### Task description
A line below contains "リッチカジュアルなWAGYU Dining（仮）の画像", and a later one contains "2020 Ford F150". Repeat both, with every line between them, exactly.

### Records shown
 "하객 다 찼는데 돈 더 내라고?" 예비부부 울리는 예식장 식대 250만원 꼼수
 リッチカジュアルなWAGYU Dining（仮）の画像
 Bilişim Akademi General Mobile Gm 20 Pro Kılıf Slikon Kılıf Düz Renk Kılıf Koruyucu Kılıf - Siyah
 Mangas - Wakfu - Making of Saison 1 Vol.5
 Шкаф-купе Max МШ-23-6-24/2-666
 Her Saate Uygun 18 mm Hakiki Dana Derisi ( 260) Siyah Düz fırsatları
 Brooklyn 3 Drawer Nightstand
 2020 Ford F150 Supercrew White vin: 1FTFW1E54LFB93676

---

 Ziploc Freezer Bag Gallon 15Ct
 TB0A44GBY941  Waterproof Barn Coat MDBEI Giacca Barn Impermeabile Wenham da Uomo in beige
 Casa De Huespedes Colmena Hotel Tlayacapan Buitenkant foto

==

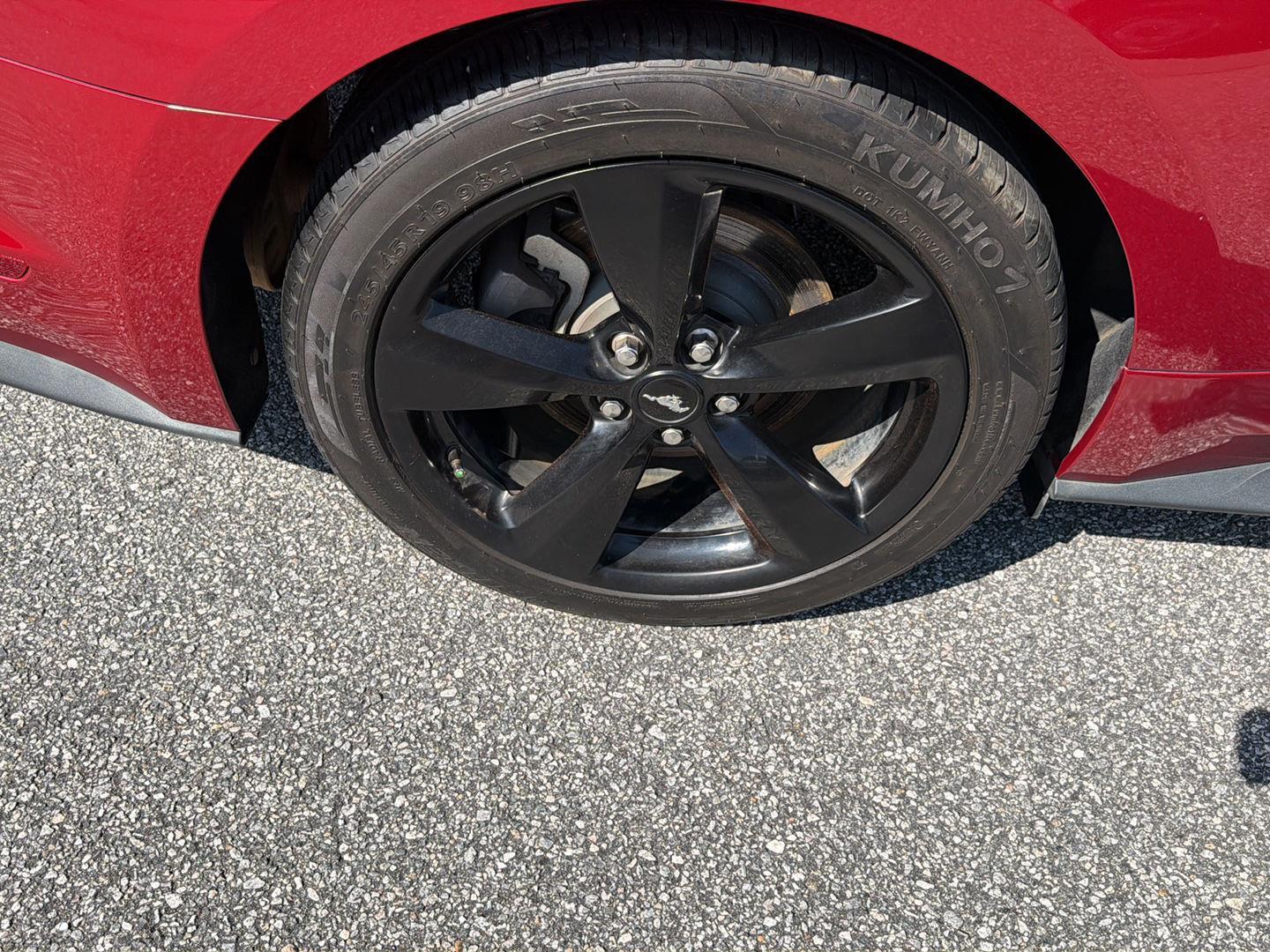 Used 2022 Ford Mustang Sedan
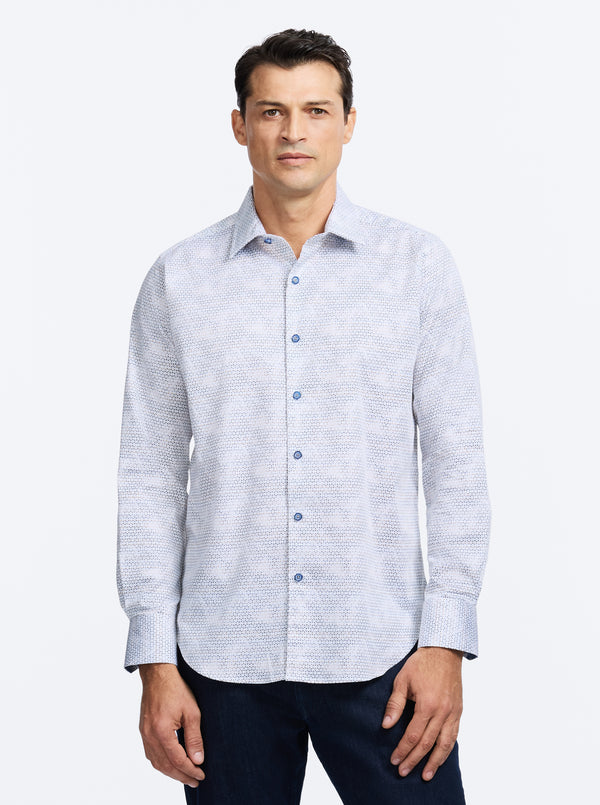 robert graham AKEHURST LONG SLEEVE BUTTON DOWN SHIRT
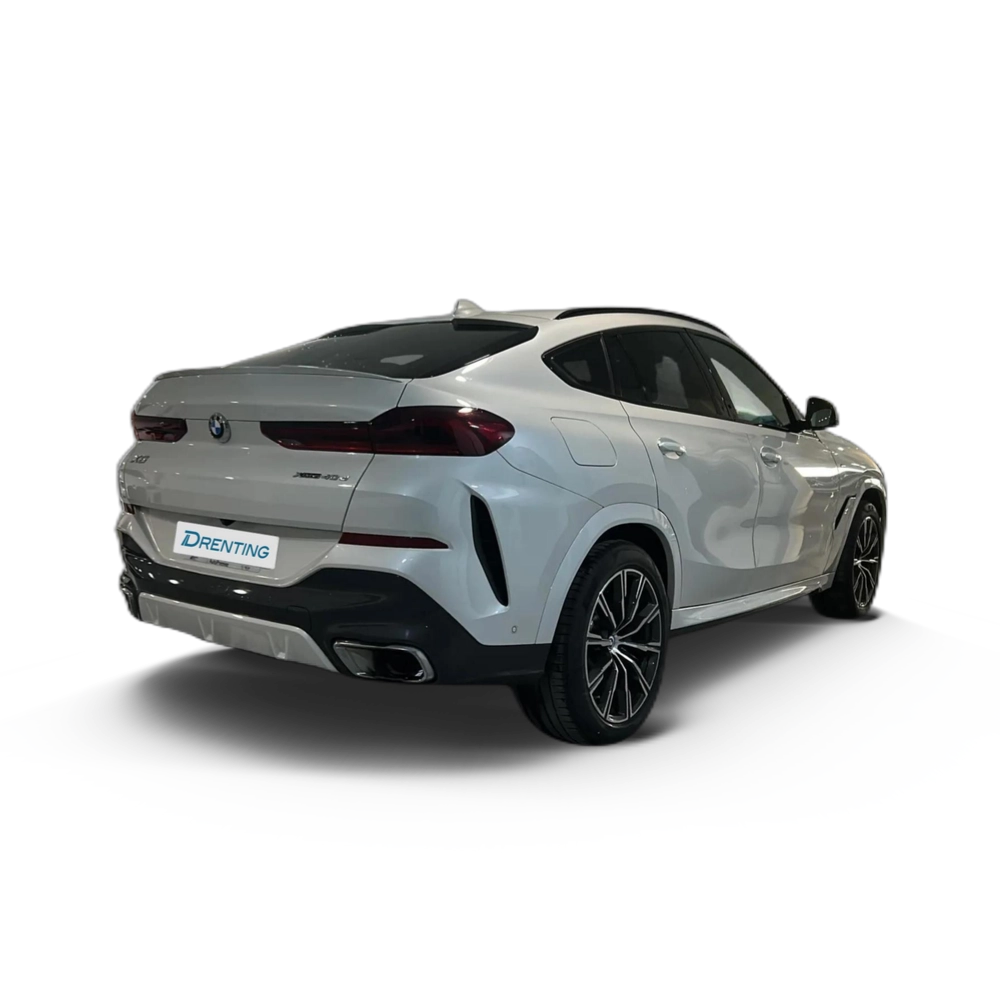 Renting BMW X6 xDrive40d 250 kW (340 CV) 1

### Output below
 リッチカジュアルなWAGYU Dining（仮）の画像
 Bilişim Akademi General Mobile Gm 20 Pro Kılıf Slikon Kılıf Düz Renk Kılıf Koruyucu Kılıf - Siyah
 Mangas - Wakfu - Making of Saison 1 Vol.5
 Шкаф-купе Max МШ-23-6-24/2-666
 Her Saate Uygun 18 mm Hakiki Dana Derisi ( 260) Siyah Düz fırsatları
 Brooklyn 3 Drawer Nightstand
 2020 Ford F150 Supercrew White vin: 1FTFW1E54LFB93676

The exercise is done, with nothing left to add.